*** Opening DATA ***
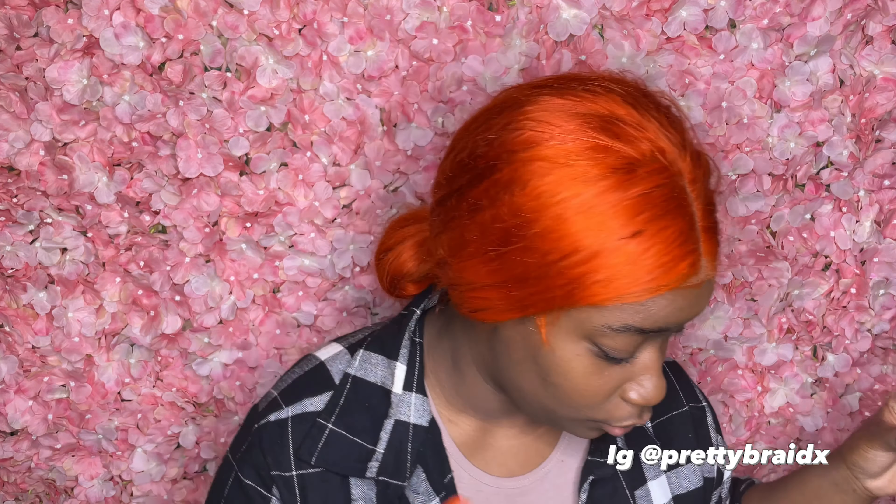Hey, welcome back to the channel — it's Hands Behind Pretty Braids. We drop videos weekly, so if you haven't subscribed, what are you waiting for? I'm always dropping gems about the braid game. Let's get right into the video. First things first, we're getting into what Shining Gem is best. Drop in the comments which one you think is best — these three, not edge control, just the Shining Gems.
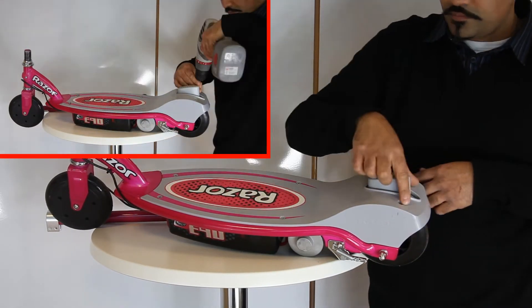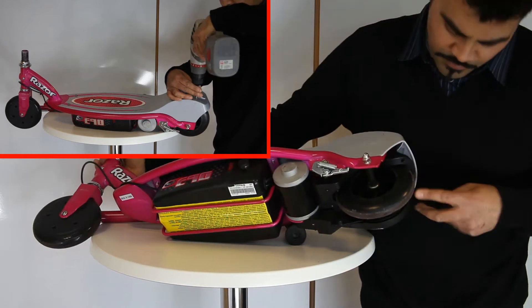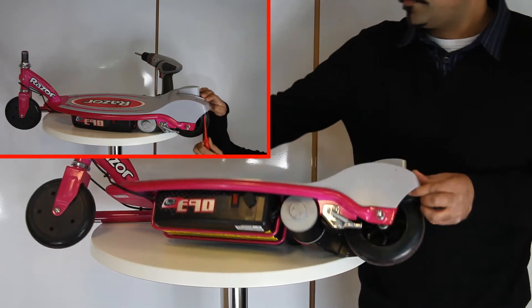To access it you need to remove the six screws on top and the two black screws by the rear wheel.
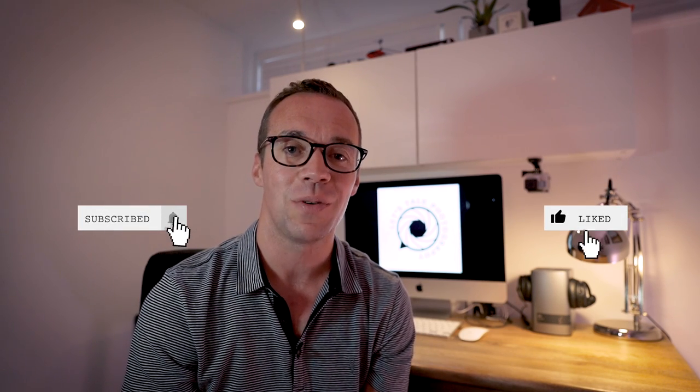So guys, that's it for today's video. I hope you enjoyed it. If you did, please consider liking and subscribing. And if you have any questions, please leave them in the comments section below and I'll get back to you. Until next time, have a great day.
*** Closing DATA ***
Only the lines from the line holding "To access it" through the last line above belong in the answer, repeated exactly; the pictures do not.

To access it you need to remove the six screws on top and the two black screws by the rear wheel.
So guys, that's it for today's video. I hope you enjoyed it. If you did, please consider liking and subscribing. And if you have any questions, please leave them in the comments section below and I'll get back to you. Until next time, have a great day.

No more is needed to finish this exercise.